Problem 20 · 2010 AMC 8
Hard
Counting & Probability
inclusion-exclusiondivisibility
In a room, 2/5 of the people are wearing gloves, and 3/4 of the people are wearing hats. What is the minimum number of people in the room wearing both a hat and a glove?
Show answer
Answer: A — 3.
Show hints
Hint 1 of 3
‘2/5 of the people’ has to be a whole number, and so does ‘3/4 of the people.’ That forces the head count to be a multiple of both 5 and 4 — pick the smallest such number.
Still stuck? Show hint 2 →
Hint 2 of 3
To minimize overlap, push the two groups as far apart as you can. But gloves (8) + hats (15) = 23 people-slots in a room of only 20 — the 3 extra slots must double up. That forced overlap is the minimum.

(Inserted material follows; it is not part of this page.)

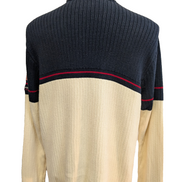 Pull Col Roulé Ralph Lauren Blanc Cassé & Marine - Drapeau USA - Taille M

Still stuck? Show hint 3 →
Hint 3 of 3
This is inclusion-exclusion read as a floor: min(both) = gloves + hats − total, whenever that's positive.
Show solution
Approach: smallest legal room, then the forced overlap
- Both 2/5 and 3/4 of the people must be whole numbers, so the total is a multiple of 5 and 4 → a multiple of 20. The smallest room is 20 people (smaller total gives fractional people).
- Then gloves = 2/5 · 20 = 8 and hats = 3/4 · 20 = 15.
- Those are 8 + 15 = 23 ‘wearings’ spread over 20 people. Even spreading them out as much as possible, 23 − 20 = 3 of them are forced to land on someone already counted. So at least 3 wear both.
- Why this transfers: ‘A + B exceeds the whole’ guarantees an overlap of at least (A + B − whole) — a pigeonhole-flavored floor that shows up whenever two big groups share a small population.